Maybe it's just me... but it seems to me that, should an airline PILOT want to do a lot of damage, they don't need to take anything on board the airplane.  After all, they're on the business side of that locked cockpit door, and the plane is going to go where and do what they tell it to.  Seems like we've seen a scenario kind of like that somewhere previously...


----------



## Sukerkin (Oct 17, 2010)

Like I ever say (and usually get scolded by one or two members for it because no non-American is ever allowed to say anything bad about America) ... 

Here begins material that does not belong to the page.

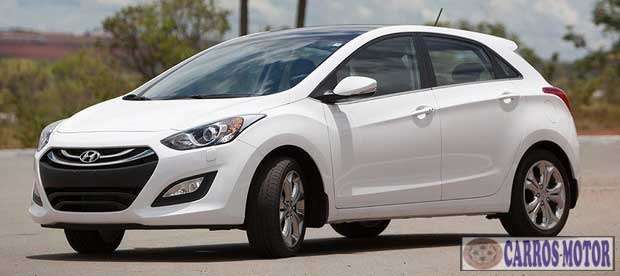 Imagem de divulgação Tabela Fipe Hyundai I30 1.6 16v Flex 5p Automático 2012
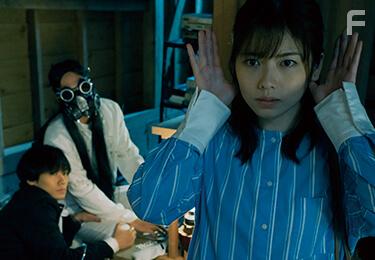 Kazuma Kawamura, Fuka Koshiba, and Mario Kuroba in Sadako DX (2022)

... you chaps are not as free as you think you are.  Telling you that you live in the "Land of the Free" becomes ever more a self-evident joke as time goes by.

I don't know whether it is too late to take your country back - I would guess it is without a violent upset for which no-one has the stomach these days (that being because the methods set in place to make such civil war unnecessary have been circumvented).


----------



## Bob Hubbard (Oct 17, 2010)

The pilot'll probably lose his job over this. Common sense of course and the TSA are unacquainted.   I hope to never have to fly again as I'd honestly trust Moe, Larry, Shemp, Joe, & Curly Joe to secure our airports better than these *** clowns.


----------



## CanuckMA (Oct 17, 2010)

I remember the pilot's association in Canada making a fuss after some pilots had tweezers and nail clippers confidcated from their shaving kits.

Said one pilot: "First, we're locked in the cockpit already. Second, I don't need the tweezers, there is an axe in the cockpit with me."


----------



## David43515 (Oct 17, 2010)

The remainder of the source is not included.